Task details — Your answer must be the lines of the entries below, exactly as written, from the first line through the line containing "Décontractée Papillon Boucle".

[Web page caption snippets]
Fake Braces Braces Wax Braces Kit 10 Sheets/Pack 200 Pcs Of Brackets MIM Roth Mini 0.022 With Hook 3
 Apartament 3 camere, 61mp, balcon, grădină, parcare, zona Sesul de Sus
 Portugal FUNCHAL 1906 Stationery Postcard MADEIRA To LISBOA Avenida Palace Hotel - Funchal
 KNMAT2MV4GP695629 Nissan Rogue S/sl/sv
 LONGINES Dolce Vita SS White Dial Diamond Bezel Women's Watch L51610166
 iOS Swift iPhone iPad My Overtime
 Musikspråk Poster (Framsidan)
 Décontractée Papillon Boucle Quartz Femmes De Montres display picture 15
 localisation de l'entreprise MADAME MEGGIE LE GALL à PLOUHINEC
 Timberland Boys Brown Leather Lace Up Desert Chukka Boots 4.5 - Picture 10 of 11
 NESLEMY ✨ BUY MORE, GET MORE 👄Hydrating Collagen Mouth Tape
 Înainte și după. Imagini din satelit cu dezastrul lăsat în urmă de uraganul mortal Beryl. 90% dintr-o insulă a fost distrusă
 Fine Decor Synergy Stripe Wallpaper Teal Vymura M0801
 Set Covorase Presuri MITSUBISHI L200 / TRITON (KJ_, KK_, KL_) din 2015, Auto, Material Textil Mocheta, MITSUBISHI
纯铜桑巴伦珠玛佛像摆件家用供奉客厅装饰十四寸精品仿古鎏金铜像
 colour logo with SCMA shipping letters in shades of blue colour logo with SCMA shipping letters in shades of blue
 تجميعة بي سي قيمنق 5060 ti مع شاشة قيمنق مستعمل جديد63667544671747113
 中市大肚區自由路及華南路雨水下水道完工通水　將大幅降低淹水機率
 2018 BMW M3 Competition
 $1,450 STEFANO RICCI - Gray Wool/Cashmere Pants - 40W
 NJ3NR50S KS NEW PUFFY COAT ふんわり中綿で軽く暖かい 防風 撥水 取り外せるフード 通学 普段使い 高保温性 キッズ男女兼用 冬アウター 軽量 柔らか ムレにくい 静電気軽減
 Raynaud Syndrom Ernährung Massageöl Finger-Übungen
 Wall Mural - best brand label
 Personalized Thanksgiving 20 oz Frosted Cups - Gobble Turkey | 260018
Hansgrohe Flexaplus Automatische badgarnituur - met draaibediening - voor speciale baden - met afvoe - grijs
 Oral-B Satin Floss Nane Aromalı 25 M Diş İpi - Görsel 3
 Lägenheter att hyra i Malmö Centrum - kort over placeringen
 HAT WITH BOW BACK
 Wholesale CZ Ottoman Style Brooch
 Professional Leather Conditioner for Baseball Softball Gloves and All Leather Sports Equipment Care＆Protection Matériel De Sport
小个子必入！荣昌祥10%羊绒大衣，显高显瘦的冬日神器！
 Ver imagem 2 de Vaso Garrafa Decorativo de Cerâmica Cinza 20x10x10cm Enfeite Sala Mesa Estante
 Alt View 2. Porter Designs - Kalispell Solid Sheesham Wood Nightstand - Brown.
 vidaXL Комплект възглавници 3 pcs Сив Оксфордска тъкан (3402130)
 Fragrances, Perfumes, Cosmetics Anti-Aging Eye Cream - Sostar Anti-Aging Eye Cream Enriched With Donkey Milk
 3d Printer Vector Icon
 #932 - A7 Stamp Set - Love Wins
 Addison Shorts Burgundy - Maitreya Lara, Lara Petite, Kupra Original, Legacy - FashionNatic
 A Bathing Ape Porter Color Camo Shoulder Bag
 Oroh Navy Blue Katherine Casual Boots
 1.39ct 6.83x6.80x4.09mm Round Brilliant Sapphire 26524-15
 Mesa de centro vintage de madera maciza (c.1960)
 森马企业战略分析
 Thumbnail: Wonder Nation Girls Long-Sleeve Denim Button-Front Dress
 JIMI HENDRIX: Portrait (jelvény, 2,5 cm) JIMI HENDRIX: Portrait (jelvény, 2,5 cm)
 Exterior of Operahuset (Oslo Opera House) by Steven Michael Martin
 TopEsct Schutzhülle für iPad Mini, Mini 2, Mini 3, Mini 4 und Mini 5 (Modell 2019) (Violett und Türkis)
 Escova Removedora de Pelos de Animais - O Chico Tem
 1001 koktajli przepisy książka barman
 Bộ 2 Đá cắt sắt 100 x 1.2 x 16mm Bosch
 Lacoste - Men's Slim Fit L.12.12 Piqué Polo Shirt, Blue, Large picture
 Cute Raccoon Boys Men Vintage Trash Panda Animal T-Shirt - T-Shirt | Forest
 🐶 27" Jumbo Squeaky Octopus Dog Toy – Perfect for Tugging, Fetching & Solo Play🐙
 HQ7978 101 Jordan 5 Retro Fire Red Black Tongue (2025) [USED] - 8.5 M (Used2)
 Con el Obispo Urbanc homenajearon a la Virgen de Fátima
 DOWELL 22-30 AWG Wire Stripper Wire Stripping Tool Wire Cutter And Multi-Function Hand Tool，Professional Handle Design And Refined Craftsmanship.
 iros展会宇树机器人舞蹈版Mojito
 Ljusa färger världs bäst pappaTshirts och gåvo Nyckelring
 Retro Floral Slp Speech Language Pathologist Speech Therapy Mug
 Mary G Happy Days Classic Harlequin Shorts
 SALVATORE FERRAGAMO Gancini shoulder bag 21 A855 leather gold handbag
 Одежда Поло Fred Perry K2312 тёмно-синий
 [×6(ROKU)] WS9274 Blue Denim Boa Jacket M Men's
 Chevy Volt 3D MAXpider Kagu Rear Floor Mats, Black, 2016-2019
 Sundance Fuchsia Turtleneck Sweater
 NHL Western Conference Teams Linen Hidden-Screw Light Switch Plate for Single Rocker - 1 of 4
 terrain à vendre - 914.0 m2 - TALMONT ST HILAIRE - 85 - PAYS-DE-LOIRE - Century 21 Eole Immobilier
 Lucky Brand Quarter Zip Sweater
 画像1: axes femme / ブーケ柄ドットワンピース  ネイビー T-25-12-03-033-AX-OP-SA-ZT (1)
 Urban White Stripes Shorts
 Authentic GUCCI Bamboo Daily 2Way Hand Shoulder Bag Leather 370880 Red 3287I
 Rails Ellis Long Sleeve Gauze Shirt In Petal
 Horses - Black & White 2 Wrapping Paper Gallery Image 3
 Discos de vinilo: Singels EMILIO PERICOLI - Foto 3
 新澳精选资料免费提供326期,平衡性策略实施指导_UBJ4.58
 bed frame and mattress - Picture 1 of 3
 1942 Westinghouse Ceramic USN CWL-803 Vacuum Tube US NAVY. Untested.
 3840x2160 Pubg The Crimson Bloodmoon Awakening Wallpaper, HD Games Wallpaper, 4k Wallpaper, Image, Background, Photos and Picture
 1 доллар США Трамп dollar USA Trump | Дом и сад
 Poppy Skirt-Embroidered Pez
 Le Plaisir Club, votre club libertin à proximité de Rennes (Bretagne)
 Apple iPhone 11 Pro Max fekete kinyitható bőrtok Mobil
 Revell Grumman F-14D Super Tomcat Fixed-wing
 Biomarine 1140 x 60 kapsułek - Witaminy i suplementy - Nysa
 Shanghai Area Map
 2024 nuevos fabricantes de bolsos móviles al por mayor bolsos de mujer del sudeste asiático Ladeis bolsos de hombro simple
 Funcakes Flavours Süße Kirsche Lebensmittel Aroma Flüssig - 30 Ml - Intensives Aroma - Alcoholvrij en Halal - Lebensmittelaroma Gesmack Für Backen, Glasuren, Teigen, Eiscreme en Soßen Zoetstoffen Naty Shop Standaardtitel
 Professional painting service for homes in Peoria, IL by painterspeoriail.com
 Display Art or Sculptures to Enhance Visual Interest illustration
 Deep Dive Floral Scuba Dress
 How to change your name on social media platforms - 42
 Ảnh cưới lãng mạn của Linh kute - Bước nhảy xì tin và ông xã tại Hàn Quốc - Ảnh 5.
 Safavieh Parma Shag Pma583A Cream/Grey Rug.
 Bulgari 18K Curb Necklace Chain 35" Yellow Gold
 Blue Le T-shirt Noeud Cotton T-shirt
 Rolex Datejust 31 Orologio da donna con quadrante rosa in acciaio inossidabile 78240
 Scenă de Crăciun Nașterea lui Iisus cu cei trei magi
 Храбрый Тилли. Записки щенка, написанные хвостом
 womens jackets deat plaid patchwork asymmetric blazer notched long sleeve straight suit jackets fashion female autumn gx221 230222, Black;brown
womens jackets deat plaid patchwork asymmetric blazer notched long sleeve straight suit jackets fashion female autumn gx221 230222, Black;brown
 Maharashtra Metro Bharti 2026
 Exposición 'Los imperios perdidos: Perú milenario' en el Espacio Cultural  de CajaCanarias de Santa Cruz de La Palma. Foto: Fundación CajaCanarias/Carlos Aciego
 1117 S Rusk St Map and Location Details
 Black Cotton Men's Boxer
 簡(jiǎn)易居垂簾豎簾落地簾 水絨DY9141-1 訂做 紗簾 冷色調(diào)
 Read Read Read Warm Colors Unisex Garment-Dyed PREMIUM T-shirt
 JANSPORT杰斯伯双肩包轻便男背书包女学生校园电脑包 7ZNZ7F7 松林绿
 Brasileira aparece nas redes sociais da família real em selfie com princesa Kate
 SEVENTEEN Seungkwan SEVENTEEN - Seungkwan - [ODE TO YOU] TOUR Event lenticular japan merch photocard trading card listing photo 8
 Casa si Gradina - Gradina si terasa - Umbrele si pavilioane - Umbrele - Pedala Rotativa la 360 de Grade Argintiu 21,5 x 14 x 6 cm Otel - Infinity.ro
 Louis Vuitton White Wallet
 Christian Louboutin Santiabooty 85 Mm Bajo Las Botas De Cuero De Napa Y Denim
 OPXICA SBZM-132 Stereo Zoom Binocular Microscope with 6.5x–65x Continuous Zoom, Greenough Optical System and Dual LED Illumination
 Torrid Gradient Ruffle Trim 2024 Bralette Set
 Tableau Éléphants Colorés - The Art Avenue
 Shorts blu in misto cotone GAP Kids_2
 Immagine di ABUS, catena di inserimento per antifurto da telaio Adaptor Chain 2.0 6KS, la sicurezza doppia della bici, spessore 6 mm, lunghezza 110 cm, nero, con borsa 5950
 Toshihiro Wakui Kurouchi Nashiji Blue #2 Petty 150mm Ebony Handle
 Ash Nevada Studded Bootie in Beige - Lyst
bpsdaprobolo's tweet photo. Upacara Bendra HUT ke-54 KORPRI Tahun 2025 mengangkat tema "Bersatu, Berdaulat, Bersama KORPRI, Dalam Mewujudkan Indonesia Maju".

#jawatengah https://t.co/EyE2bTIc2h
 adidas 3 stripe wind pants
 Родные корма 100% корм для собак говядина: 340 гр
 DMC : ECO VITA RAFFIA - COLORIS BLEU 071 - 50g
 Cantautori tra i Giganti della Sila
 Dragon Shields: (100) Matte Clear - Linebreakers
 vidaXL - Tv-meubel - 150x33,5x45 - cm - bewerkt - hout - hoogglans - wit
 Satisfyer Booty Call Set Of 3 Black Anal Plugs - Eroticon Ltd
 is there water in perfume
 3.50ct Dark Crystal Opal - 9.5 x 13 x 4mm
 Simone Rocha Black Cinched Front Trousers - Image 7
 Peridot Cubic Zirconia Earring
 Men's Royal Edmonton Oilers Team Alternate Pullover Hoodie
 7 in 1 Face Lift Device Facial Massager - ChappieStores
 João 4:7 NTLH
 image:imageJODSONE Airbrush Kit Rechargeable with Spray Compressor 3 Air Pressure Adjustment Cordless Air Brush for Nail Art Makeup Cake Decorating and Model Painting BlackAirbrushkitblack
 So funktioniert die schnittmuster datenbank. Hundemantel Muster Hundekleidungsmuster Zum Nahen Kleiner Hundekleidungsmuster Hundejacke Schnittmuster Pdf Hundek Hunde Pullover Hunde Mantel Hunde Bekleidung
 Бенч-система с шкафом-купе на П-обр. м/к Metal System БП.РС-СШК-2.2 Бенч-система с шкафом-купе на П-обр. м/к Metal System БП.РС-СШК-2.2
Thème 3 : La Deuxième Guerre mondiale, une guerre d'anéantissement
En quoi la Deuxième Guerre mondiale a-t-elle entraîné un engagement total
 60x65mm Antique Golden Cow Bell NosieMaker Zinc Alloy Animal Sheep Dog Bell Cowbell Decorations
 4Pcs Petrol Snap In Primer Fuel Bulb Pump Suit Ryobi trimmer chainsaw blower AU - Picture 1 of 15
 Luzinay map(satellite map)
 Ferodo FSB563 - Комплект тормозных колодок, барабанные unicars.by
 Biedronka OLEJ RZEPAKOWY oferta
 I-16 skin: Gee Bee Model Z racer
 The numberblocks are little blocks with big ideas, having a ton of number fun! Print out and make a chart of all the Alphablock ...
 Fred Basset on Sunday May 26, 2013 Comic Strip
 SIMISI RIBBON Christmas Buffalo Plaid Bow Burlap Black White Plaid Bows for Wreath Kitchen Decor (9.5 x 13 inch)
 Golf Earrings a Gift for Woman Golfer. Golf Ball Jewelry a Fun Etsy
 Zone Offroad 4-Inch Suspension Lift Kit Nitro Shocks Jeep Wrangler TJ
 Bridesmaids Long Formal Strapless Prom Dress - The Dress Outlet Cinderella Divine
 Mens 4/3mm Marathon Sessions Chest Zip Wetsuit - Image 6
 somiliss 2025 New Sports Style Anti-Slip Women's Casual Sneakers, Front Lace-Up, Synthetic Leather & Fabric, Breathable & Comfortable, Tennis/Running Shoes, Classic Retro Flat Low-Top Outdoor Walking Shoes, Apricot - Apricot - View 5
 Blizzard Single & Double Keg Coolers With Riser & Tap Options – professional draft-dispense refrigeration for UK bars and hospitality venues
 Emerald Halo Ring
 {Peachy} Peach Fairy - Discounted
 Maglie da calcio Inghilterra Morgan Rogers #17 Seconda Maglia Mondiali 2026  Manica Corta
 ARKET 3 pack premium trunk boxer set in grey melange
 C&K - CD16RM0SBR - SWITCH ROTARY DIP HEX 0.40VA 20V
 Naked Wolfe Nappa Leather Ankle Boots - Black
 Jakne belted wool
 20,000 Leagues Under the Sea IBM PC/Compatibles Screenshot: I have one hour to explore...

Solution for this task —
Fake Braces Braces Wax Braces Kit 10 Sheets/Pack 200 Pcs Of Brackets MIM Roth Mini 0.022 With Hook 3
 Apartament 3 camere, 61mp, balcon, grădină, parcare, zona Sesul de Sus
 Portugal FUNCHAL 1906 Stationery Postcard MADEIRA To LISBOA Avenida Palace Hotel - Funchal
 KNMAT2MV4GP695629 Nissan Rogue S/sl/sv
 LONGINES Dolce Vita SS White Dial Diamond Bezel Women's Watch L51610166
 iOS Swift iPhone iPad My Overtime
 Musikspråk Poster (Framsidan)
 Décontractée Papillon Boucle Quartz Femmes De Montres display picture 15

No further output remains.